Stockwell returned to Hollywood and made his directorial debut with Neil Young in the quirky apocalyptic comedy Human Highway, which he wrote with Hopper and Tamblyn in 1982 and in which he starred. But again he gave up his acting career and sold real estate in Santa Fe, New York

“The [best acting] I threw scrolls from Cannes into the fireplace one night, ”he said in an interview with the Times in 1990. “I don’t know. I couldn’t get a job. I was depressed. I was [angry] One night and I threw it into the fire. “

But no sooner had he left town than Hollywood looked for him again.

Stockwell played supporting roles in a number of films before meeting director David Lynch in Mexico City. Lynch said he thought Stockwell had already died.

“This person looked familiar to me, but [I told myself] It couldn’t be who I thought it was and I felt a little crazy, ”Lynch told the Times in 1990. “Then I realized that it was Dean and he was alive.”

Dean Stockwell, right, and Scott Bakula in the TV series

Dean Stockwell, right, and Scott Bakula on the TV series “Quantum Leap,” which aired from 1989-1993.

(Steve Fontanini / Los Angeles Times)

The duo worked together on Lynch’s 1984 adaptation of “Dune,” in which Stockwell played the evil Dr. Wellington Yueh played. He stayed with Lynch when the director began filming Blue Velvet, in which he played a pimp who cooed while torturing a girl.

“I didn’t feel like I was taking a risk with Blue Velvet,” Stockwell told the Times. “I felt like I hit the nail on the head. Dennis [Hopper] played an unforgivable psycho in the film, and I was supposed to be someone he admired. I realized that I had to be stranger than him. “

Still, Stockwell said he never felt part of the mainstream show business.

“I always felt like I was standing apart,” he told The Times in 1986. “People always ask me, ‘Why do you always do these fancy films?’ The answer is: Usually they are just offered to me. ”

But Hollywood eventually took notice, and Stockwell received an Academy Award nomination for supporting actor for Jonathan Demme’s 1988 comedy “Married to the Mob,” in which he played Mafioso Tony “The Tiger” Russo.

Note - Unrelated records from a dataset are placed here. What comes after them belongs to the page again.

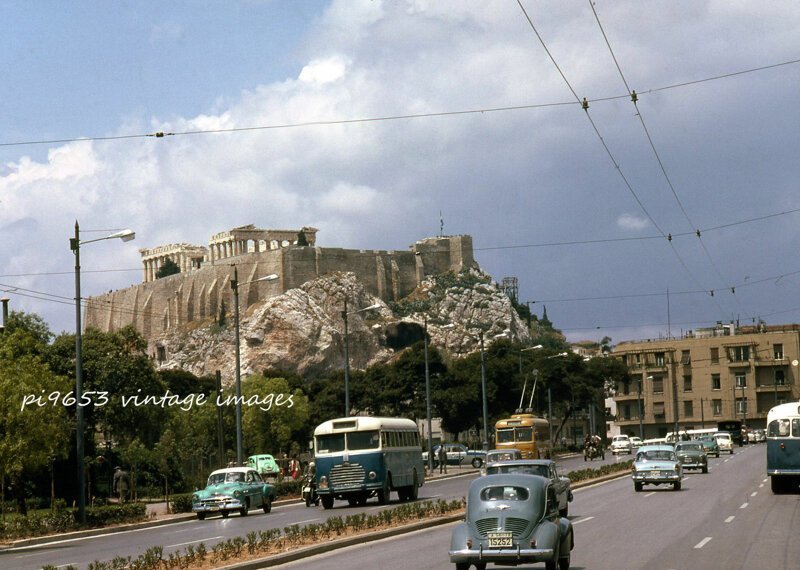 Афины 1961-62 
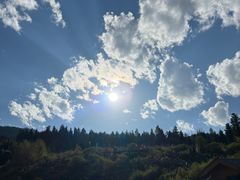 -天山天池风景区-西王母祖庙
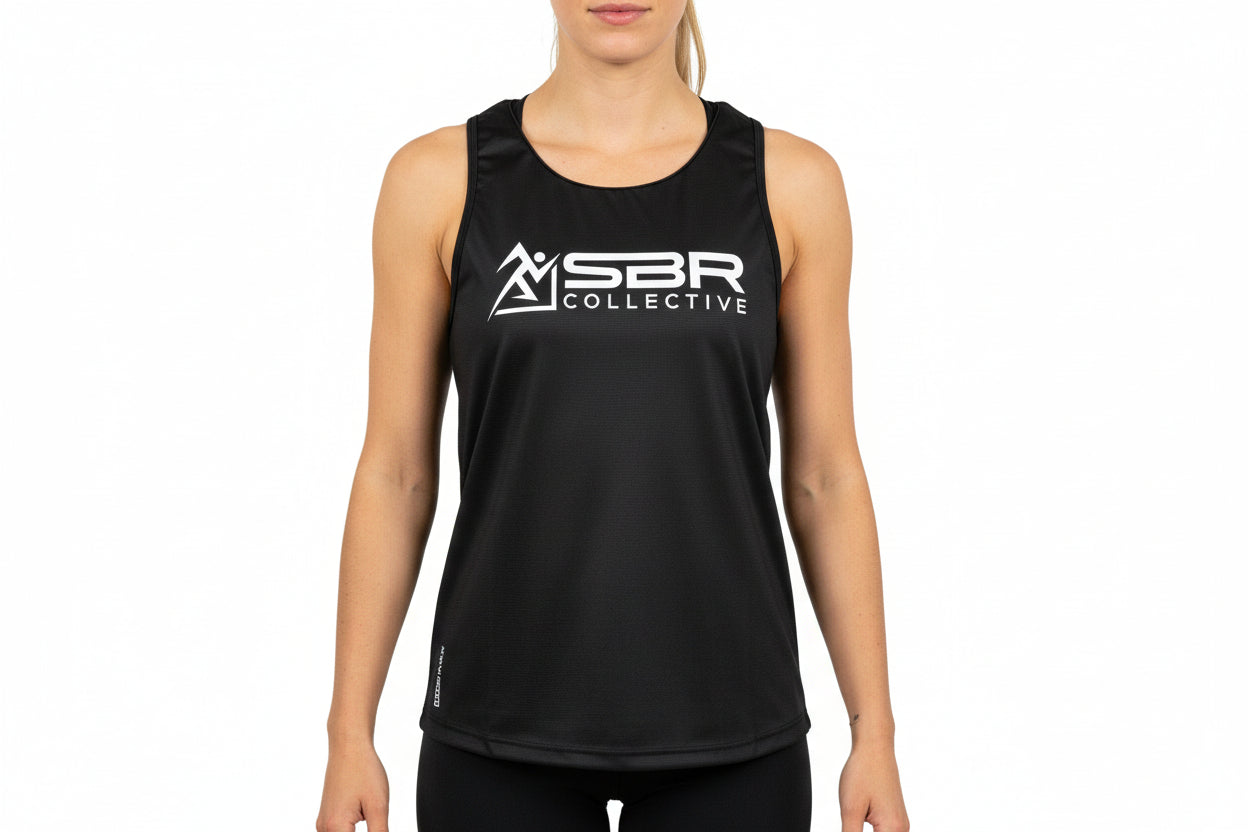 SBR Collective X Perene Women's Running Singlet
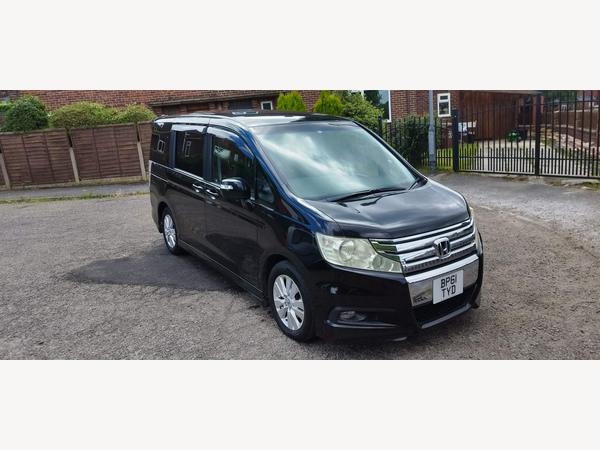 Honda Stepwagon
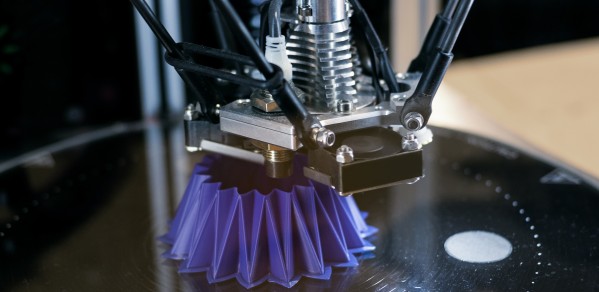 3D printing machine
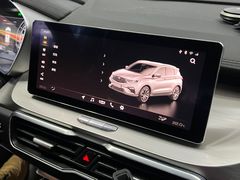 -车配龙汽车百货国际广场二期-停车场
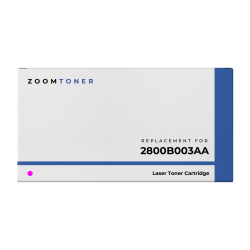 ZOOMTONER Compatible Canon 2800B003Aa Gpr-33 Laser Toner Cartridge In Magenta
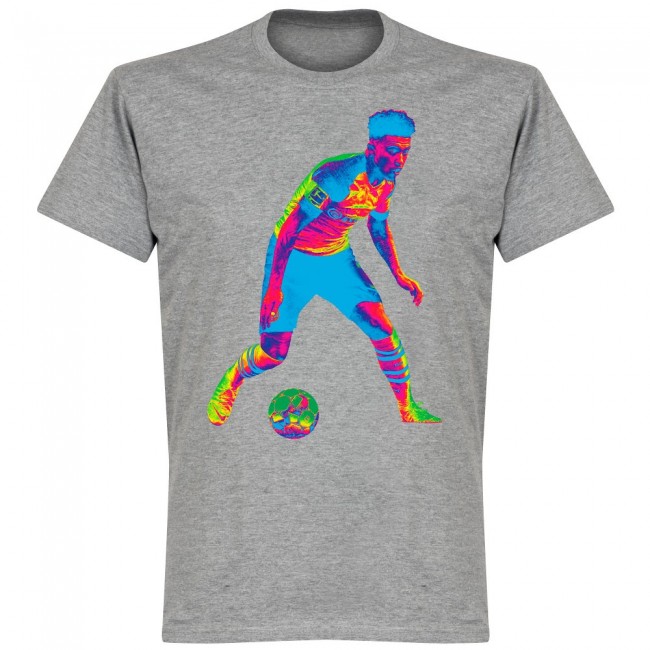 Selectionサイケデリックなグラフィックtシャツ グレー Mlb Nbaグッズショップ Soccer ジェイドン サンチョ ジェイドン サンチョ T Shirt Retake ボルシア ドルトムント Tシャツ ボルシア ドルトムント Tシャツ Psychoactive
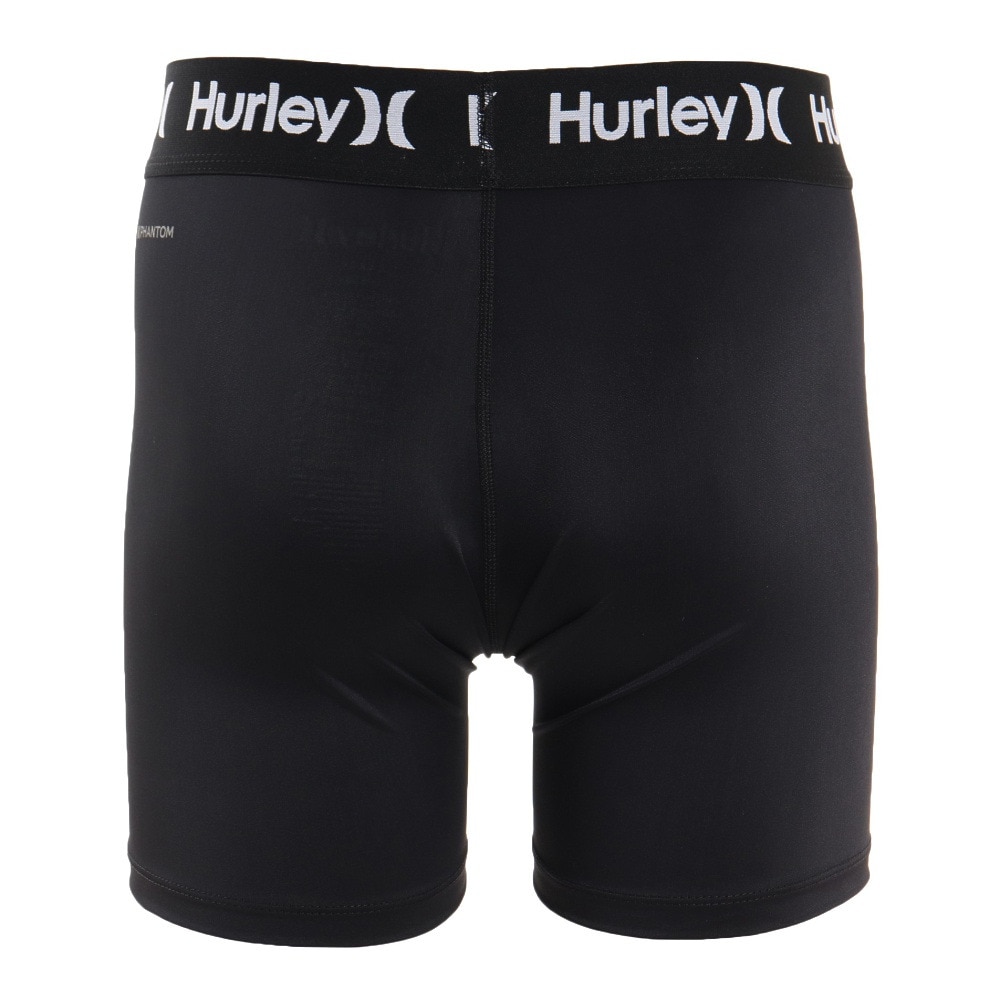 ハーレー（HURLEY） PHANTOM SURF INNER COMPRESSION ショーツ MSI2200001BLK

Immediately after the nomination, Stockwell took over the role of Adm. Al Calavicci, a wise cracking hologram and best friend of Scott Bakula’s time-traveling physicist, on NBC’s science fiction series “Quantum Leap” from 1989-1993; In 1990 he won a Golden Globe Award. The series earned both men a cult following that continued when Stockwell played John Cavil in Syfy’s acclaimed “Battlestar Galactica,” which ran from 2006-2009.

Stockwell has appeared in several other films, including the action thriller “Air Force One” starring Harrison Ford in 1997 and “The Manchurian Candidate” in 2004. He also had recurring roles on the short-lived series “The Tony Danza Show”. and “JAG”. In 2014 he met again with Bakula for a guest appearance on “NCIS: New Orleans”. In their later years, the couple also made the rounds at various comic and science fiction conventions.

An avowed environmentalist, Stockwell spoke about the eco-villain Duke Nukem in the 1990s environmental cartoon series “Captain Planet and the Planeteers”.

His admirers raised the actor’s $ 30,000 sponsorship fee to earn a star on the Hollywood Walk of Fame by recycling bottles and cans.

Stockwell leaves behind his wife, Joy, and their two children, Austin and Sophie.